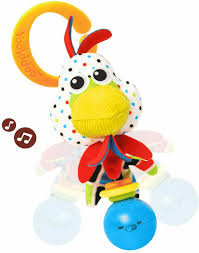 758559c17a15dcd5c362f5c4f344092c Yookidoo Sonaglino SHake Me Rattle Chicken - immagine 1
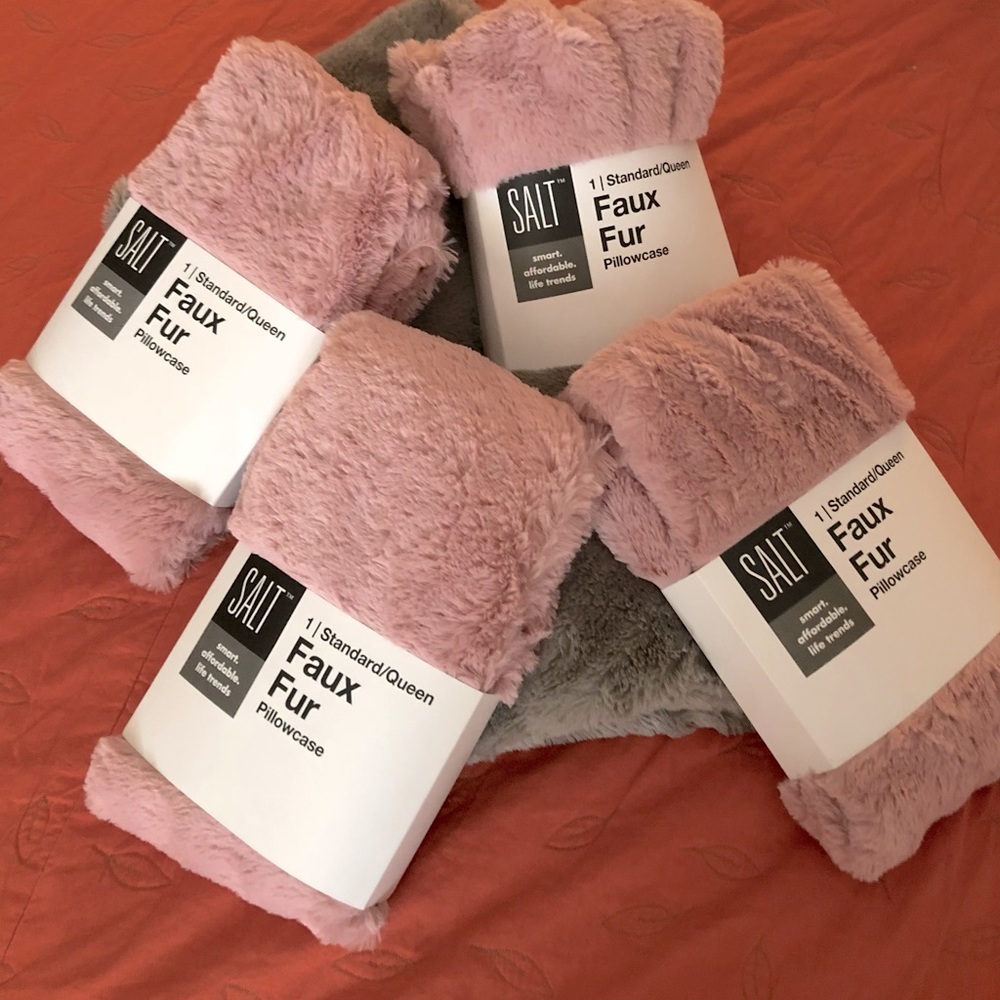♥️SOLD♥️SOLD♥️NWOT*SALT*Textured Piazza Sham*PILLOWCASE*NEW*2 DUSTY ROSE ONLY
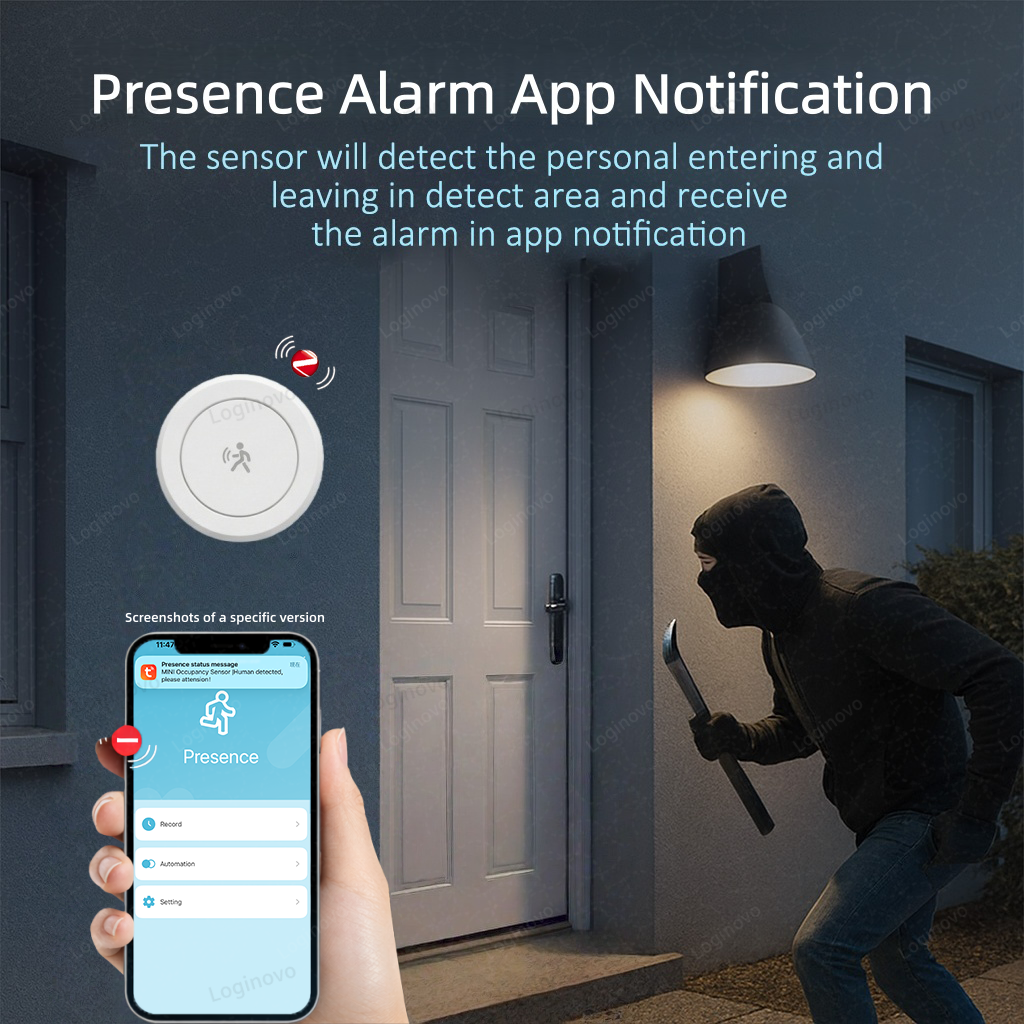 Zigbee 24G mmWave Human Presen - Zigbee Motion Sensor 리뷰 및 가격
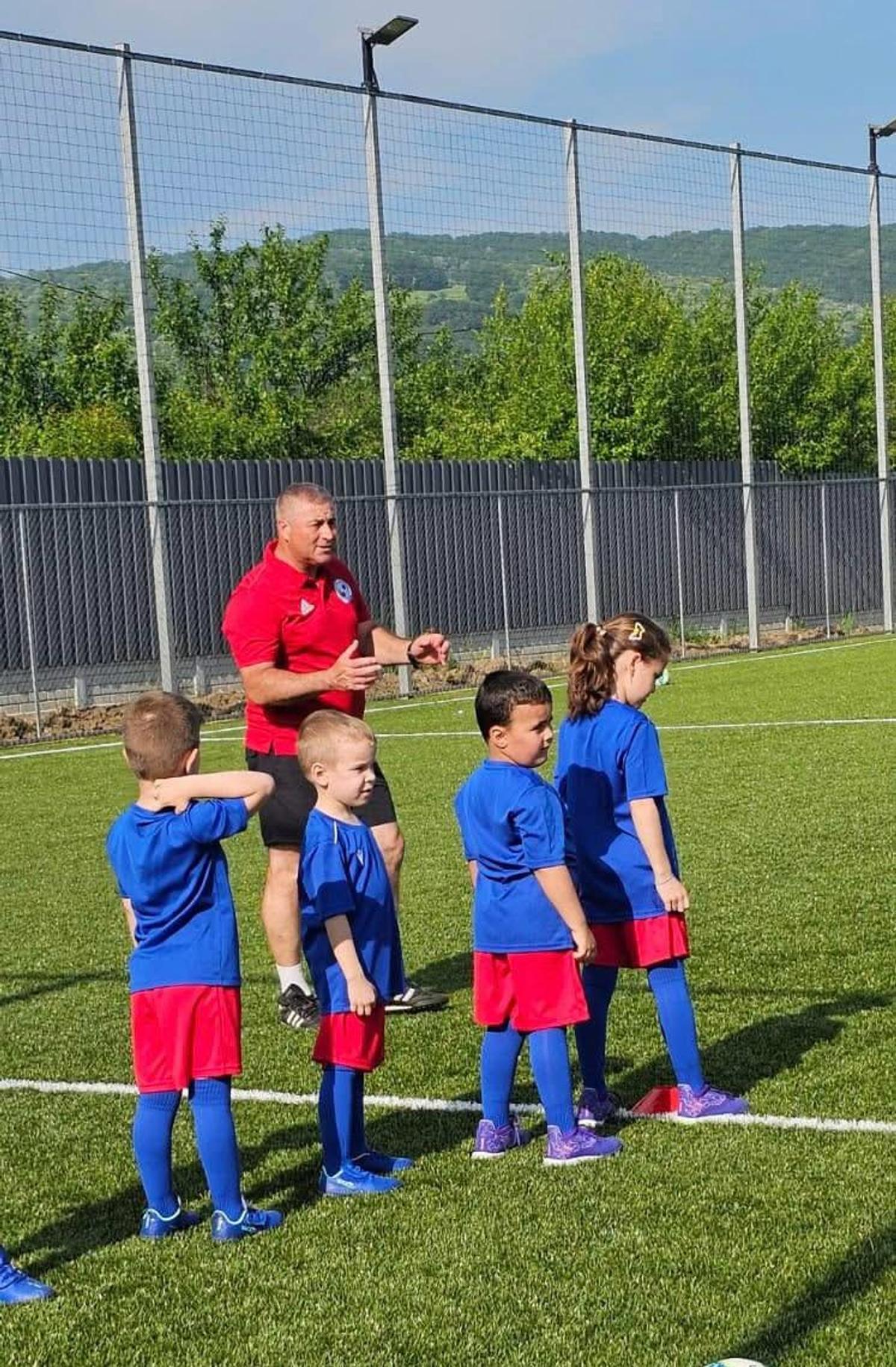 George Ogăraru și-a deschis academie de fotbal și a răspuns întrebării: „Pleci de la Steaua?”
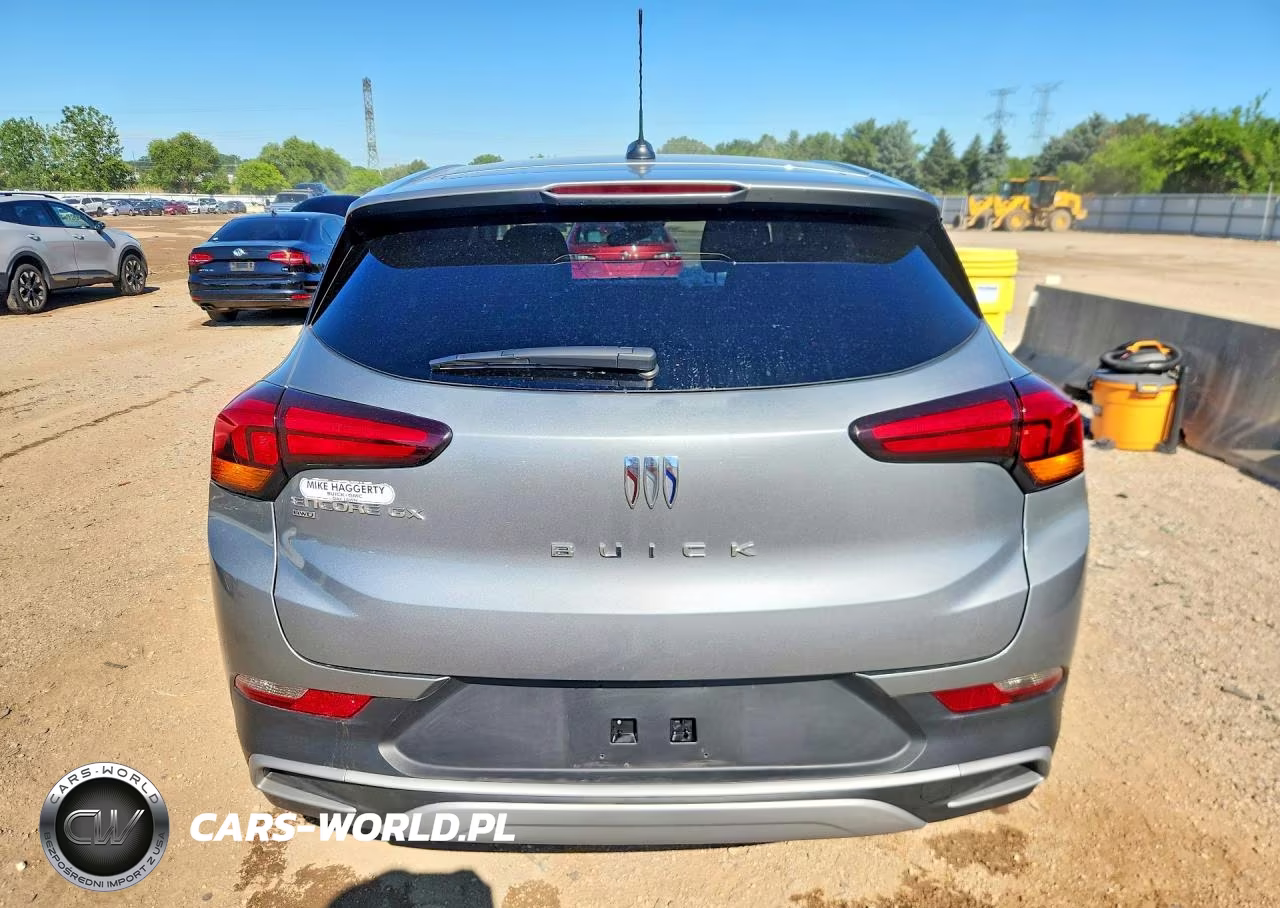 2024 Buick Encore Gx Preferred VIN:KL4AMCSLXRB108543 - 6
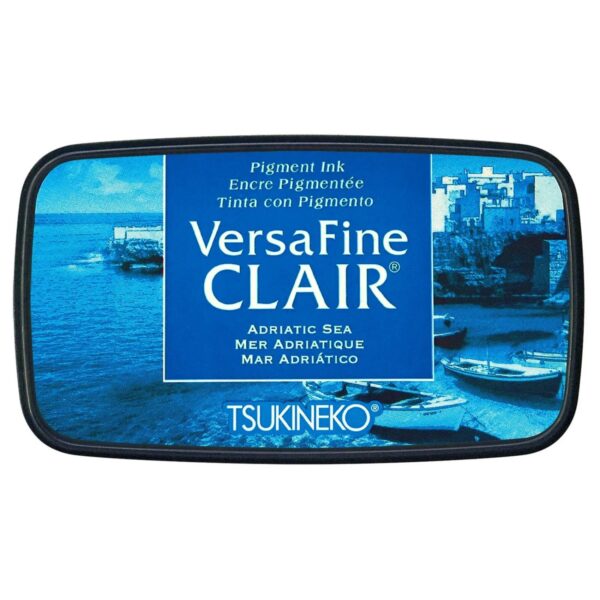 VersaFine Clair - Ink Pad - Adriatic Sea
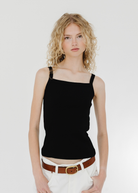 FLORE FLORE May Cami in Black | Shop Tula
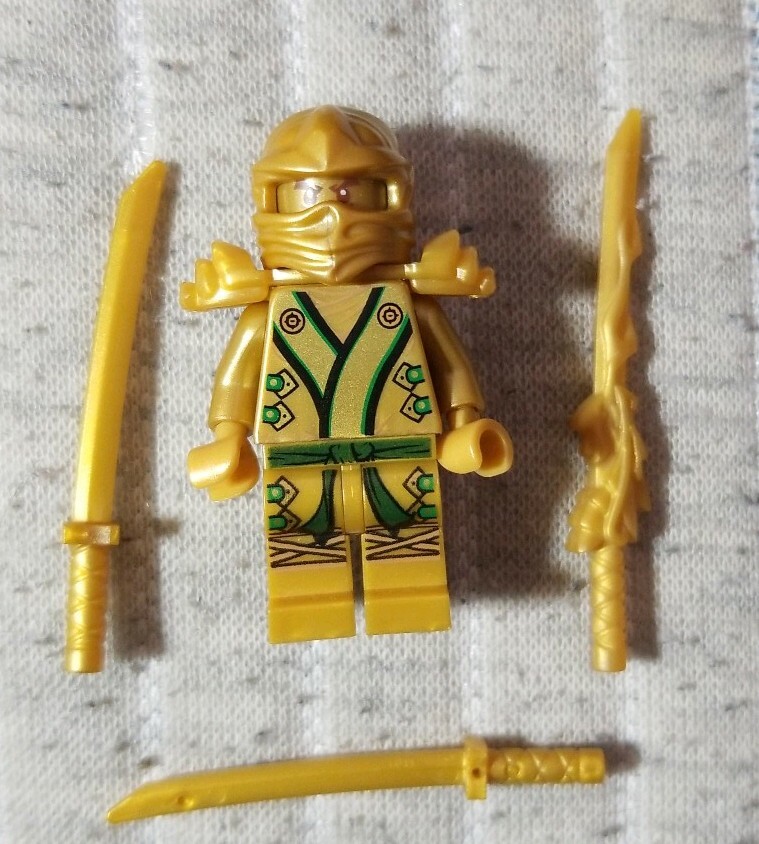 lego ninjago golden sword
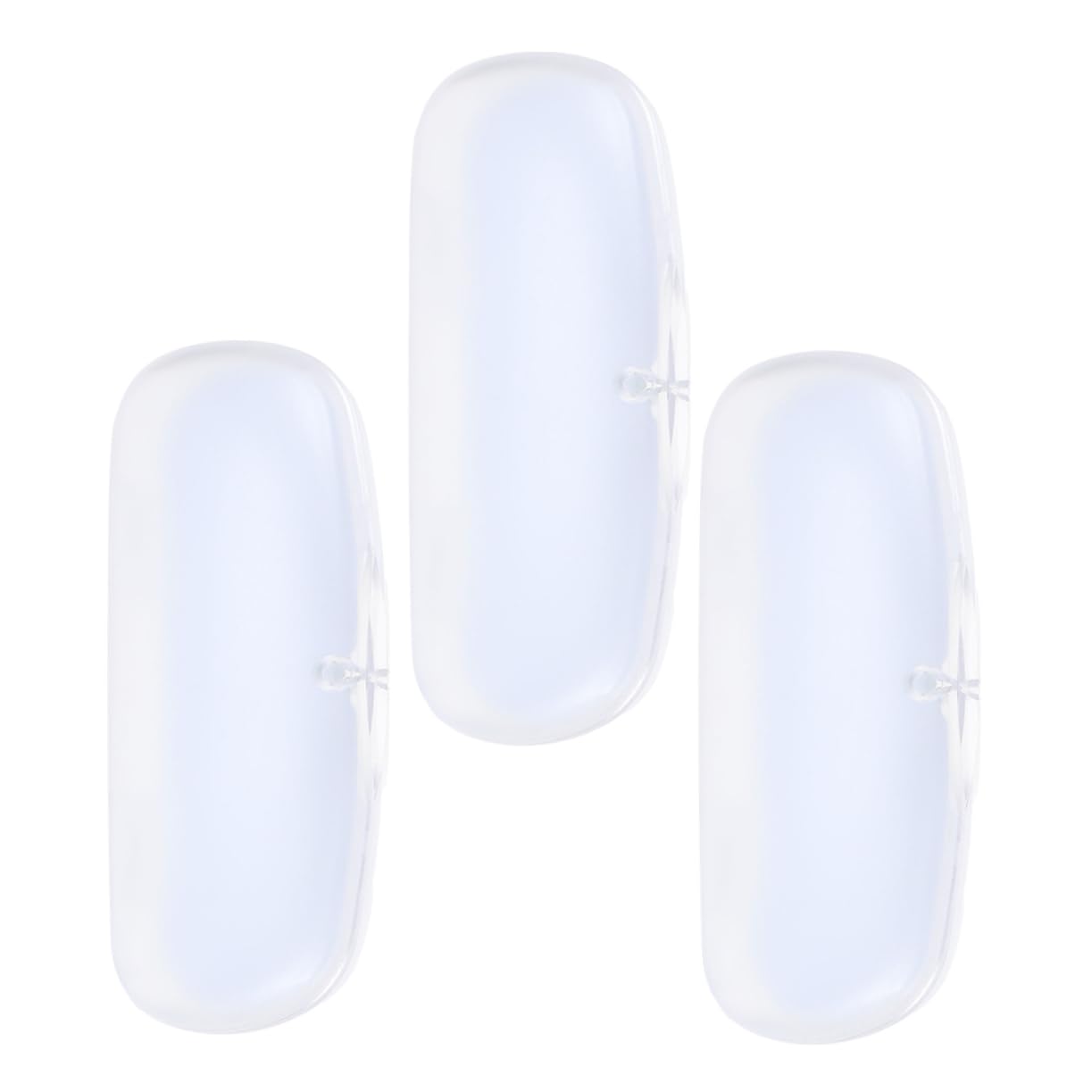 GALPADA 9 Pz custodia per gli occhiali scatole per bicchieri astuccio per occhiali trasparente custodia per occhiali da viaggio contenitori trasparenti occhiali porta occhiali pvc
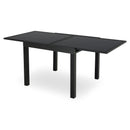 LUCCA Set mobilier terasă/grădină, 6 scaune și masă extensibilă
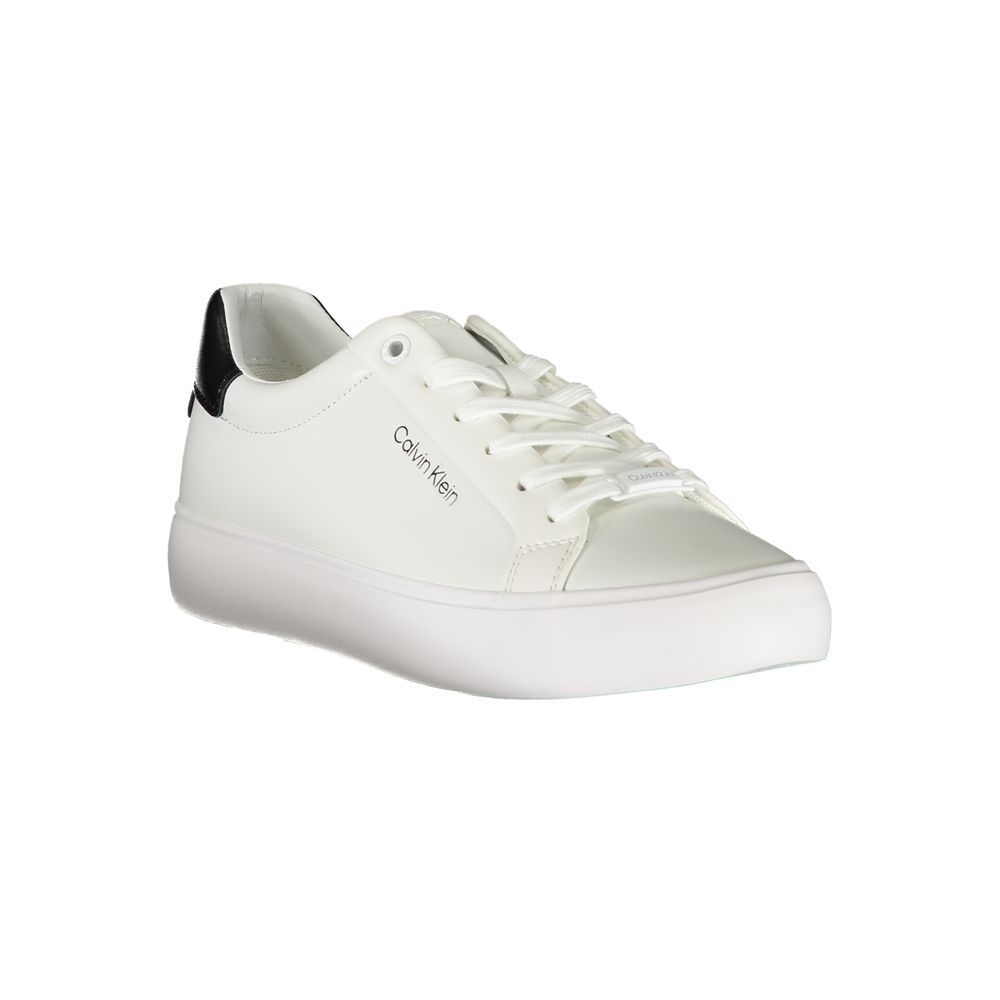 Bianco Leather Women Sneaker - ventzia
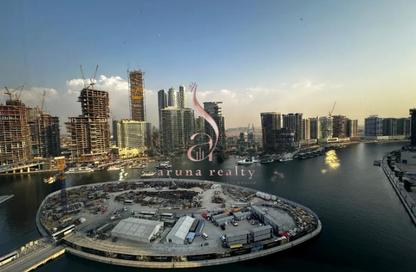 Office Space - Studio - 2 for rent in B2B Tower - Business Bay - Dubai
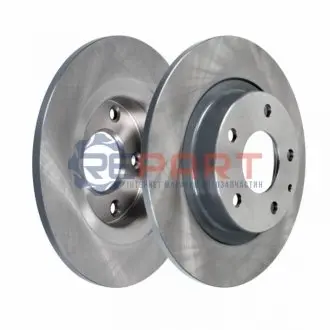 Диск гальмівний задн Лів/Прав MAZDA 6 2.0/2.2D/2.5 08.12 Febi Bilstein 108480 Купити в Україні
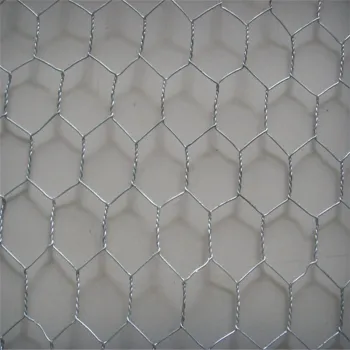 Hot DIP Galvanized Chicken Wire Mesh Hexagonal Mesh
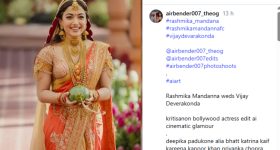 Rashmika Mandanna: పెళ్లి ఫొటోలనూ వదలరా? ఇంటర్నెట్‌లో రష్మిక అశ్లీల ఫొటోలు, ఇంత దారుణమా?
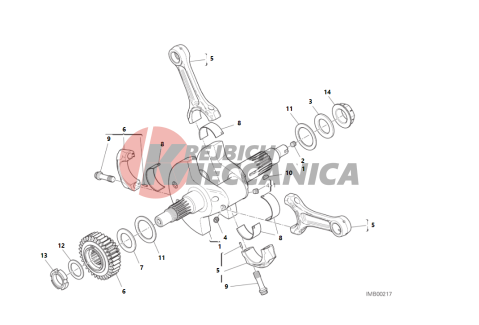 CONNECTING RODS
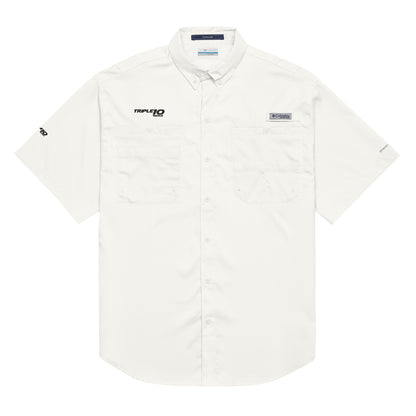 Men’s Columbia short sleeve button shirt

Exercise goal: Nothing should appear in the answer except the lines from the one containing "Диск гальмівний задн" through the last line of the listing, given again exactly and with no pictures.

Result below:
 Диск гальмівний задн Лів/Прав MAZDA 6 2.0/2.2D/2.5 08.12 Febi Bilstein 108480 Купити в Україні
 Hot DIP Galvanized Chicken Wire Mesh Hexagonal Mesh
 Rashmika Mandanna: పెళ్లి ఫొటోలనూ వదలరా? ఇంటర్నెట్‌లో రష్మిక అశ్లీల ఫొటోలు, ఇంత దారుణమా?
 CONNECTING RODS
 Men’s Columbia short sleeve button shirt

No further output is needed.